Andere Philosophen erklären a priori, daß die Ethik nicht auf die Metaphysik gegründet werden soll. So z. B. Wundt, dessen Ethik eine Völkerpsychologie ist, als Konsequenz des Psychologismus, oder Paulsen, dessen Ethik eine Diätik ist. Die Evolutionisten brauchen auch keine Metaphysik, ihre Ethik ist nur eine Physik der Sitten.

So haben wir folgendes Resultat: diejenigen Philosophen, welche die Metaphysik als Grundlage der Ethik für notwendig erachten, bringen es zu keiner Metaphysik; wieder andere erklären die Metaphysik als unmöglich oder wenigstens als nicht, notwendig für die Ethik.

Wir sind der Meinung, daß die Metaphysik eine indispensable Grundlage der Ethik ist und bezeichnen als Minimum der metaphysischen Bedingungen folgende: Erstens die Substantialität, Kontinuität und Identität des Ich als Prinzip der sittlichen Handlungen. Zweitens die Teleologie der sittlichen Handlungen, d. h. die Zweckbeziehung der sittlichen Handlungen unmittelbar auf das sittlich Gute und mittelbar auf das höchste Gut, als letztes Ziel des Menschen. Drittens die metaphysische Freiheit des Willens. Viertens die Existenz eines persönlichen Gottes, als Prinzip und letztes Ziel der sittlichen Ordnung.

I.

Der Begriff der Substanz hat für die Metaphysik und Ethik eine fundamentale Bedeutung. Der Monismus, begründet durch Spinoza, beherrscht die moderne Philosophie. Der Monismus nimmt nur eine Substanz an; die konkreten wirklichen Einzeldinge sind nur Erscheinungen, Akzidenzien, Modi, Bestimmungen der einen Substanz. — Mit dem monistischen Begriff der Substanz ist aber eine Ethik unmöglich, denn angewandt auf die Ethik kommen wir zu folgendem. Dilemma: Entweder ist das Ich die einzige Substanz, oder es ist mein Ich keine Substanz. Fichte behauptet, die einzige Substanz, das Ding an sich, ist das Ich, alles übrige ist durch das Ich gesetzt und existiert für das Ich. Dieser Solipsismus von Fichte schließt die Möglichkeit der Ethik aus.

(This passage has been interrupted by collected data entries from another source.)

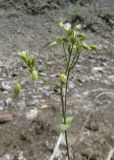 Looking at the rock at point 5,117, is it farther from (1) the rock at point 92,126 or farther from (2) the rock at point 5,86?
(1) the rock at point 92,126

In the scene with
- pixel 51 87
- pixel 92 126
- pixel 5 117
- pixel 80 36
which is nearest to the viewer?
pixel 80 36

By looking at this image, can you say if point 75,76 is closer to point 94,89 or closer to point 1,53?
point 94,89

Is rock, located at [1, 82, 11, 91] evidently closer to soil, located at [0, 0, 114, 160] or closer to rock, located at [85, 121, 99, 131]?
soil, located at [0, 0, 114, 160]

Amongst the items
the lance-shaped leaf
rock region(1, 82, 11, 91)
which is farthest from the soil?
the lance-shaped leaf

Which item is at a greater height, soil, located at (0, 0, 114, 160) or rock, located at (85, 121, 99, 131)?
rock, located at (85, 121, 99, 131)

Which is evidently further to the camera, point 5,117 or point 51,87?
point 51,87

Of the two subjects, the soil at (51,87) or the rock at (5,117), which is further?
the rock at (5,117)

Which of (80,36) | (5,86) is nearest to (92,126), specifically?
(5,86)

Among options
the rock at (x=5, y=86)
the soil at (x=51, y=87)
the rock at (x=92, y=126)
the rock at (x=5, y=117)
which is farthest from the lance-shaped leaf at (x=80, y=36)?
the rock at (x=5, y=86)

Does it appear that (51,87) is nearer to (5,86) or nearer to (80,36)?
(5,86) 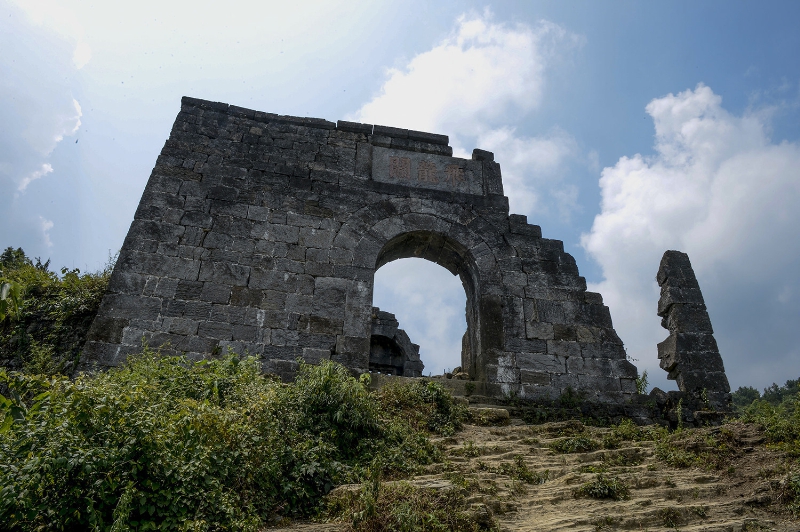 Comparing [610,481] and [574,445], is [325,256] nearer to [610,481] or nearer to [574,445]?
[574,445]

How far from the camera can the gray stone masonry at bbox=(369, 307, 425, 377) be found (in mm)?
15055

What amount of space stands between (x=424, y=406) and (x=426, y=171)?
4806mm

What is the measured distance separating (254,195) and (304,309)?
2259 mm

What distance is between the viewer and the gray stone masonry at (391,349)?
15.1 meters

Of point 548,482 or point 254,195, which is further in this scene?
point 254,195

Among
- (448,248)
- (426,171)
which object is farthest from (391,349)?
(426,171)

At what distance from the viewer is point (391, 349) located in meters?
15.5

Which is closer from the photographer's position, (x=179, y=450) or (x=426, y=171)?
(x=179, y=450)

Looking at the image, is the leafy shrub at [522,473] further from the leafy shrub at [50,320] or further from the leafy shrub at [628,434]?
the leafy shrub at [50,320]

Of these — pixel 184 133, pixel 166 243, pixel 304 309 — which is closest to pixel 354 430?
pixel 304 309

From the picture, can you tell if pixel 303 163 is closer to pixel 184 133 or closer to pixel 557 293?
pixel 184 133

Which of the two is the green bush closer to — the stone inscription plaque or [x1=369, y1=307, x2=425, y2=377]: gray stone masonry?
the stone inscription plaque

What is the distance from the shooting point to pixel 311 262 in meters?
8.85

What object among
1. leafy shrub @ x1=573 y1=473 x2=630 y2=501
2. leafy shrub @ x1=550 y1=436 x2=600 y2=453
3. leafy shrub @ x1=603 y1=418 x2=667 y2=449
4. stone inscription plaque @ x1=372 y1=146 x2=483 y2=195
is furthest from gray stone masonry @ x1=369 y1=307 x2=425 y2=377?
leafy shrub @ x1=573 y1=473 x2=630 y2=501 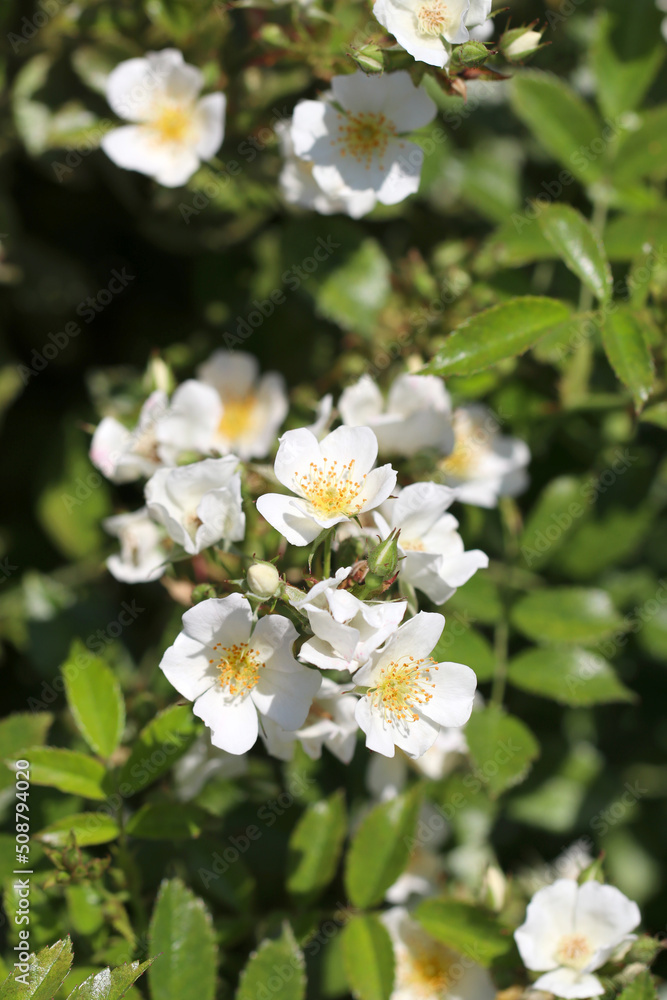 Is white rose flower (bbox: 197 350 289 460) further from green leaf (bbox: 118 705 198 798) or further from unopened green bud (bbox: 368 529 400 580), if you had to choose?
unopened green bud (bbox: 368 529 400 580)

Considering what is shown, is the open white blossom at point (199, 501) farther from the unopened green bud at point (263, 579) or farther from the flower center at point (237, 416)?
the flower center at point (237, 416)

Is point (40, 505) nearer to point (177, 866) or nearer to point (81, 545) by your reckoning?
point (81, 545)

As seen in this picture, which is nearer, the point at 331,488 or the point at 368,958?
the point at 331,488

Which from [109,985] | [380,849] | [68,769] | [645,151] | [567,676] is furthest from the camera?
[645,151]

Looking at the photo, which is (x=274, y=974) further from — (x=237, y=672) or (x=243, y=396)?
(x=243, y=396)

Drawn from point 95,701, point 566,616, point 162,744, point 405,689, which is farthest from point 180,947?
point 566,616

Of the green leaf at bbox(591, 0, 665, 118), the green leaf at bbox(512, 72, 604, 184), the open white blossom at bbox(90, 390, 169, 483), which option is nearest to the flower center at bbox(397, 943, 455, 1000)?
the open white blossom at bbox(90, 390, 169, 483)

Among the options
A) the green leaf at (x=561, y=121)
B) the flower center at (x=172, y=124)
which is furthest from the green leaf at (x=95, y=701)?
the green leaf at (x=561, y=121) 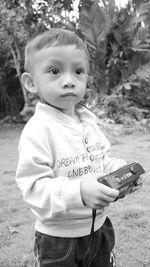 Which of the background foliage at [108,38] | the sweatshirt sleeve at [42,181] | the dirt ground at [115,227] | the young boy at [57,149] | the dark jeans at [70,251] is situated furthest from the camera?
the background foliage at [108,38]

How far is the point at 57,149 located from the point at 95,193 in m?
0.37

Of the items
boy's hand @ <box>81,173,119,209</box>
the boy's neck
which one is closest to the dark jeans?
boy's hand @ <box>81,173,119,209</box>

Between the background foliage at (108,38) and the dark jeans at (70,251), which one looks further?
the background foliage at (108,38)

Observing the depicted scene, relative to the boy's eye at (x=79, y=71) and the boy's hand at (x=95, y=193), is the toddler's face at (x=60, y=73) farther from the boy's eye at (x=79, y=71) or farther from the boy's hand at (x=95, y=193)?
the boy's hand at (x=95, y=193)

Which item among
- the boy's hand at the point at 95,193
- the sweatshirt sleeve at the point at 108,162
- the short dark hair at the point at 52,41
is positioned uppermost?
the short dark hair at the point at 52,41

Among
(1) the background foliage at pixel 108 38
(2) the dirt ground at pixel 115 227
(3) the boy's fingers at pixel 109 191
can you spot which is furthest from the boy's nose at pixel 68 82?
(1) the background foliage at pixel 108 38

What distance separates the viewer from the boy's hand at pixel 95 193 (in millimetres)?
1023

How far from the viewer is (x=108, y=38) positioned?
9.06 m

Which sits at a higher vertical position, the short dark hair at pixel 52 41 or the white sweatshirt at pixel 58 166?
the short dark hair at pixel 52 41

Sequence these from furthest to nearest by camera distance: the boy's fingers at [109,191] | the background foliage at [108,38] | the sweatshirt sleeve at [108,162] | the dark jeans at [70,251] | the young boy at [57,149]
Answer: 1. the background foliage at [108,38]
2. the sweatshirt sleeve at [108,162]
3. the dark jeans at [70,251]
4. the young boy at [57,149]
5. the boy's fingers at [109,191]

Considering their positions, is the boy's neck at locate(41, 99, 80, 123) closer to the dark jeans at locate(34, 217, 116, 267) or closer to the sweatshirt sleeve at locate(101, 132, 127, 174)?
the sweatshirt sleeve at locate(101, 132, 127, 174)

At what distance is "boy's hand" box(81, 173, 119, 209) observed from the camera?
1023 mm

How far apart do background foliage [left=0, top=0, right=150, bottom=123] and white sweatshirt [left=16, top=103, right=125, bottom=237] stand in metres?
7.23

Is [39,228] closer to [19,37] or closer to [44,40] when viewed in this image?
[44,40] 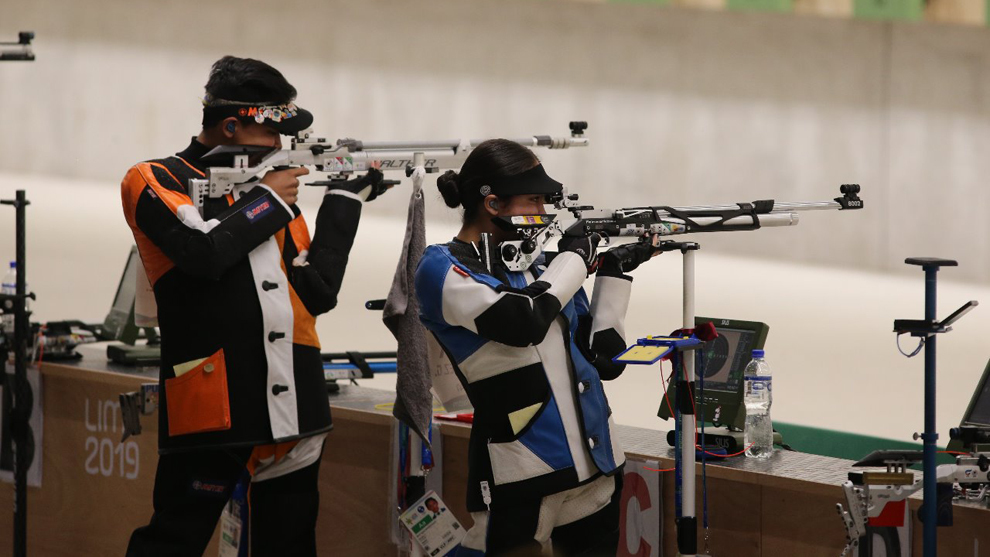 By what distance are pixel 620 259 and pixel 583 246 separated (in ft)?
0.27

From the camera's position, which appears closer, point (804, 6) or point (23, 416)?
point (23, 416)

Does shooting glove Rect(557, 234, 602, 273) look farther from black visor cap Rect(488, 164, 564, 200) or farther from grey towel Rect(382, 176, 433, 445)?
grey towel Rect(382, 176, 433, 445)

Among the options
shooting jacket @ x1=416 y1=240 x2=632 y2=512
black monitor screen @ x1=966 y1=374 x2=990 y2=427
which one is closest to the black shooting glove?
shooting jacket @ x1=416 y1=240 x2=632 y2=512

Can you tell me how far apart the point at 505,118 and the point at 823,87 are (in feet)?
9.68

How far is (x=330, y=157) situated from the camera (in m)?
3.04

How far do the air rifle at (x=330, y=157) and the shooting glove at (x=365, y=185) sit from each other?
0.08 metres

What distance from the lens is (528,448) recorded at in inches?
98.5

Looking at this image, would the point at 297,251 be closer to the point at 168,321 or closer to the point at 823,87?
the point at 168,321

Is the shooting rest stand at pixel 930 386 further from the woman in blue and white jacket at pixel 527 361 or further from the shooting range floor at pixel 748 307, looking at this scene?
the shooting range floor at pixel 748 307

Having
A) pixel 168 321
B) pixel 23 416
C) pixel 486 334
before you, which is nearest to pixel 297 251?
pixel 168 321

Spinoza und die Monisten entscheiden sich für die zweite Alternative. Der Mensch ist keine Substanz, sondern nur eine Vereinigung, Zusammensetzung oder ein Bündel von zwei Gruppen von Erscheinungen, Modi, des physischen und psychischen, der Ausdehnung und des Denkens. — Das was wir den Körper des Menschen nennen, ist nur ein Konglomerat von Modi der Ausdehnung; was wir Seele nennen, ein Konglomerat von Modi des Denkens. — Im Menschen gibt es nichts Beharrliches, er verändert sich fort und fort, die Kontinuität und Identität des Ich, der Persönlichkeit ist nicht möglich.

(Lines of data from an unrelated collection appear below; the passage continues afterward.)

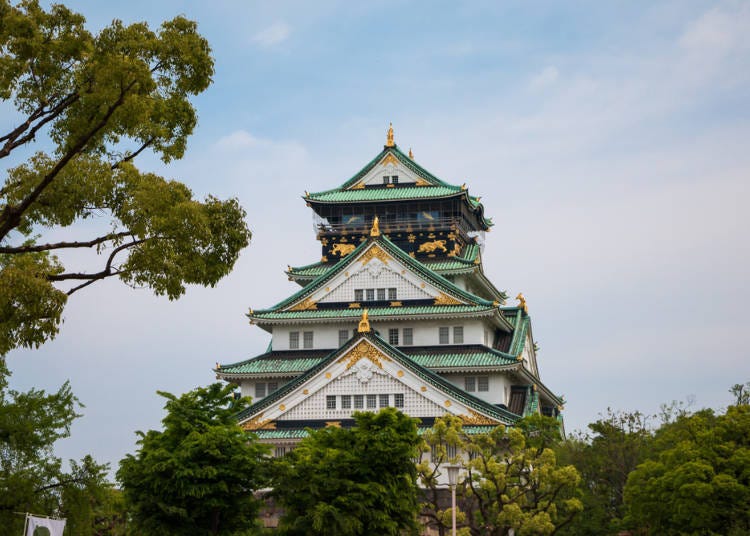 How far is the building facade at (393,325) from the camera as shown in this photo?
5600cm

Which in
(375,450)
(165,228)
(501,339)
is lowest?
(375,450)

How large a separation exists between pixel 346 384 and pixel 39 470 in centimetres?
2224

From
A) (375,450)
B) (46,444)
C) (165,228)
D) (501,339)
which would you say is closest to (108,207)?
(165,228)

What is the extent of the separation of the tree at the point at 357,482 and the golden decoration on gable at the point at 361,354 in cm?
2057

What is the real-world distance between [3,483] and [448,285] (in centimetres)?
3085

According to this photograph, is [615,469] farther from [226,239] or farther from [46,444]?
[226,239]

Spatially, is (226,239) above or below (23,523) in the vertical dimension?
above

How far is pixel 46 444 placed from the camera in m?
37.2

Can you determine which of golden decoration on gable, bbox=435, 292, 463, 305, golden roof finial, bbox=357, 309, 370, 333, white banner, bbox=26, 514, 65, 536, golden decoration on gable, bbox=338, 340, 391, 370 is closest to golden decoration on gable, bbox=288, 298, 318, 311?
golden roof finial, bbox=357, 309, 370, 333

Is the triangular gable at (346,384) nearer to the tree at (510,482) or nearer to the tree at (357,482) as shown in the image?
the tree at (510,482)

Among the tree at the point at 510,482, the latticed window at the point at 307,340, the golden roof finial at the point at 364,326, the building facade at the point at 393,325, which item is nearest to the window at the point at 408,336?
the building facade at the point at 393,325

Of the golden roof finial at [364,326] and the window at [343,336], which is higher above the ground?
the window at [343,336]

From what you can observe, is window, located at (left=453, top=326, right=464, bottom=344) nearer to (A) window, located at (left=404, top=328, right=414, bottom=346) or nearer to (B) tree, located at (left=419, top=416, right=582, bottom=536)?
(A) window, located at (left=404, top=328, right=414, bottom=346)

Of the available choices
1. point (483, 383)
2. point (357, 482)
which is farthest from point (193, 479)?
point (483, 383) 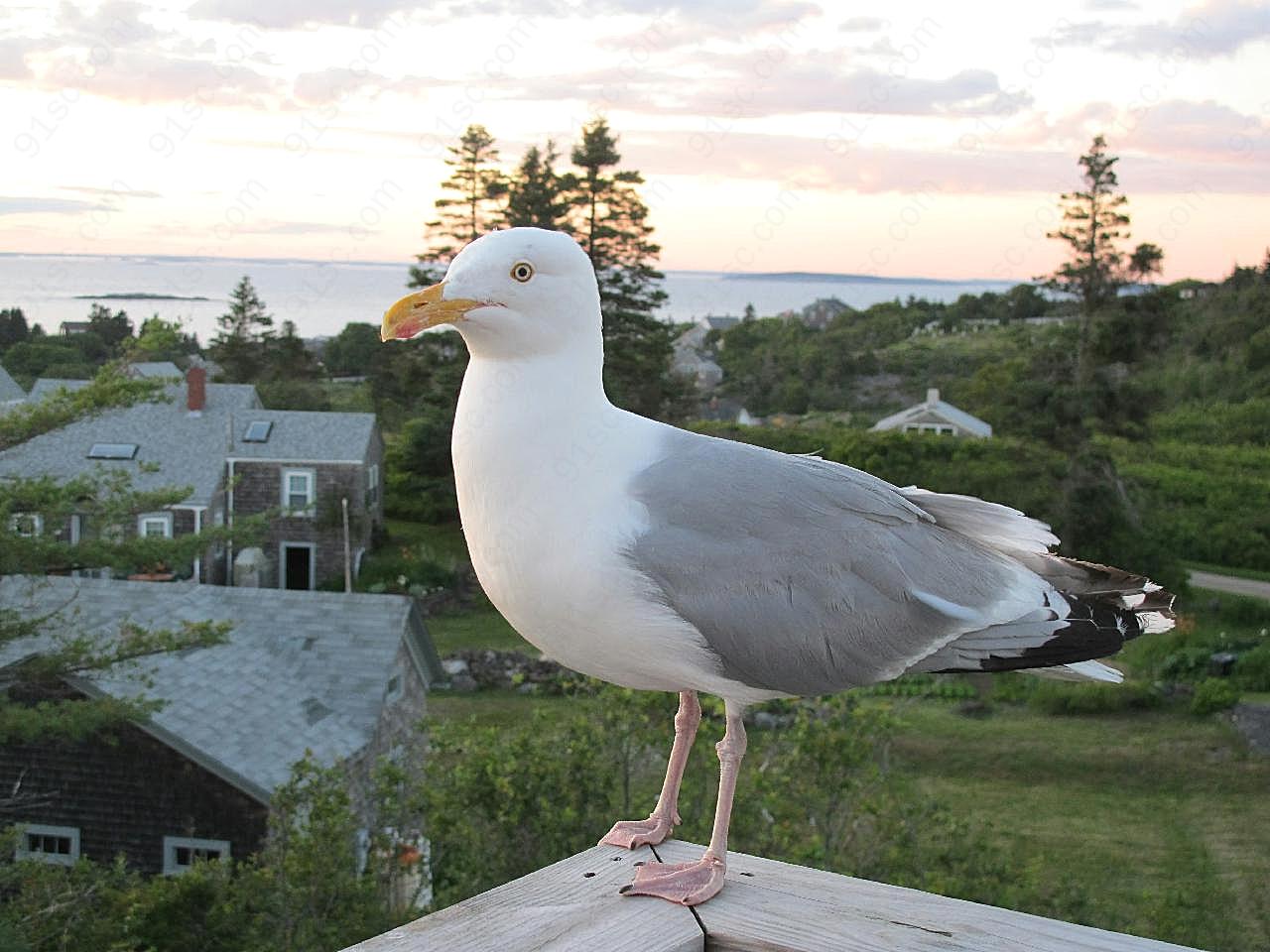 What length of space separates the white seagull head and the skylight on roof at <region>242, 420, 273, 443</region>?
84.3 ft

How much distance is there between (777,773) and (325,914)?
317cm

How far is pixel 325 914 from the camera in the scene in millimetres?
8781

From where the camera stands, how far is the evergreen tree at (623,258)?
27562 millimetres

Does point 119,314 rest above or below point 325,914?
above

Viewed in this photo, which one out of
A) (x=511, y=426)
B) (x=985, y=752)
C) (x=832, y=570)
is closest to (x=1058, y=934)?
(x=832, y=570)

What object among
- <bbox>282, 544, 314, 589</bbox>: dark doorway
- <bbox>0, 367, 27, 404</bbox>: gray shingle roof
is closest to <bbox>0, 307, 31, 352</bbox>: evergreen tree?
<bbox>0, 367, 27, 404</bbox>: gray shingle roof

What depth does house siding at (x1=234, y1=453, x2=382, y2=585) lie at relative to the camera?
2738 centimetres

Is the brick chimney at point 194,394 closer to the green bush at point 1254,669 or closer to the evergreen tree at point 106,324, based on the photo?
the evergreen tree at point 106,324

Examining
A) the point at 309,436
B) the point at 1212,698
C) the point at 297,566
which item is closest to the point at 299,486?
the point at 309,436

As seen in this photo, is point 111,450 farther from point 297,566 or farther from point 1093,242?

Die moderne Psychologie und Psychophysik acceptiert die Anschauungen von Spinoza und hat auf Grund des Monismus den Phänomenismus oder Aktualismus geschaffen. Es gibt weder eine materielle noch eine geistige Substanz, es gibt nur körperliche und psychische Zustände, Aktualitäten, Erscheinungen oder Tätigkeiten. Man meint Spinoza zu hören, wenn Taine 1 sagt: La

substance spirituelle est un fantôme, créé par la conscience, de même la substance matérielle est un fantôme créé par les sens, — il n'y a rien de réel dans le moi, — le moi n'est que la trame continue des événements successifs. Nach Ribot 1 ist das Ich ein: tout de coalition — ein Complexus von Phänomenen. — Nach Comte ist das Ich: un état fictive — eine metaphysische Fiktion. Nach Alfred Fouillée ist das Ich die Einheit der Empfindungen und Wollungen. — Spencer 2 weiß nichts von einer geistigen Substanz, was wir Geist nennen ist nur ein Aggregat von Empfindungen und Gefühlen. Von der englischen Psychologie überhaupt sagt Ribot 3 : sie befaßt sich nur mit Phänomenen; was Seele oder Geist ist, weiß sie nicht.

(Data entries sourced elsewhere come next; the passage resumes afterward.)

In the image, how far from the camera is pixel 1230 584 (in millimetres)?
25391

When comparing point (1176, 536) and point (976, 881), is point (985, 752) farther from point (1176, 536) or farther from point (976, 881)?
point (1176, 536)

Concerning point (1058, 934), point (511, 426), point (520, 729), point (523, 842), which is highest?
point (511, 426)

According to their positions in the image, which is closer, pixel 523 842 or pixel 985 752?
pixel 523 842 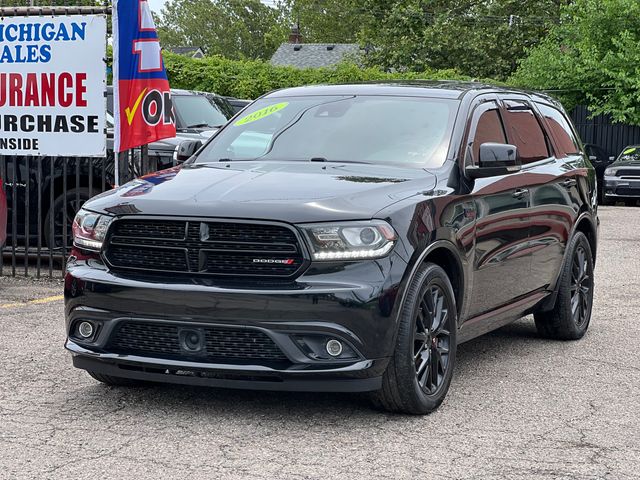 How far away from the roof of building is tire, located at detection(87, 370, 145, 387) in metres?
62.5

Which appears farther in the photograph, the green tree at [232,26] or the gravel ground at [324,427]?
the green tree at [232,26]

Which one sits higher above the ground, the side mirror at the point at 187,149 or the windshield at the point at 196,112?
the side mirror at the point at 187,149

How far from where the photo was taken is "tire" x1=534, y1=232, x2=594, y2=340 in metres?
7.94

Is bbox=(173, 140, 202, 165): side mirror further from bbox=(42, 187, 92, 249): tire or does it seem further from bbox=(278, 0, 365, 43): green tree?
bbox=(278, 0, 365, 43): green tree

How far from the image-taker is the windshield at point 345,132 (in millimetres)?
6484

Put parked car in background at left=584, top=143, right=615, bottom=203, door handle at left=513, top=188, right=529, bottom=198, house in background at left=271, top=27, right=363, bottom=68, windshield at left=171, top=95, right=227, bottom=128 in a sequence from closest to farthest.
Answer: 1. door handle at left=513, top=188, right=529, bottom=198
2. windshield at left=171, top=95, right=227, bottom=128
3. parked car in background at left=584, top=143, right=615, bottom=203
4. house in background at left=271, top=27, right=363, bottom=68

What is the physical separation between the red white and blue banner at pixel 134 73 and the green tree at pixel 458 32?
41377 millimetres

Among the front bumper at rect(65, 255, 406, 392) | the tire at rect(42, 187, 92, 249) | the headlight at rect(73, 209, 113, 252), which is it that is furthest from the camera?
the tire at rect(42, 187, 92, 249)

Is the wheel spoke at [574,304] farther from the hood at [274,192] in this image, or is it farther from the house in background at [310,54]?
the house in background at [310,54]

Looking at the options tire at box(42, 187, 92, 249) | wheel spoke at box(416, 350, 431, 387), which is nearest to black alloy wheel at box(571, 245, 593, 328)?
wheel spoke at box(416, 350, 431, 387)

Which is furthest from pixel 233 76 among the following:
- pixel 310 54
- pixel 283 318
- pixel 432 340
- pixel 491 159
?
pixel 310 54

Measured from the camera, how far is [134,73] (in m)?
10.1

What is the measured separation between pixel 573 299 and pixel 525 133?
4.18ft

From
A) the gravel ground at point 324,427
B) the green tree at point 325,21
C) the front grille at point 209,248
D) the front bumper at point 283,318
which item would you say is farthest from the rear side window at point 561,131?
the green tree at point 325,21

Die deutsche Psychologie steht auf demselben Standpunkt und hat der Metaphysik gründlich entsagt. Fechner, Wundt und Jodl anerkennen keine Lebenskraft, kein Lebensprinzip, keine Seelensubstanz. Paulsen 4 resumiert den monistischen Aktualismus indem er sagt: Ich bin mit Fechner und Wundt der Überzeugung: Es gibt keine für sich seiende, beharrliche, immaterielle Seelensubstanz. — Ein besonderes Ding «Seele» gibt es überhaupt nicht.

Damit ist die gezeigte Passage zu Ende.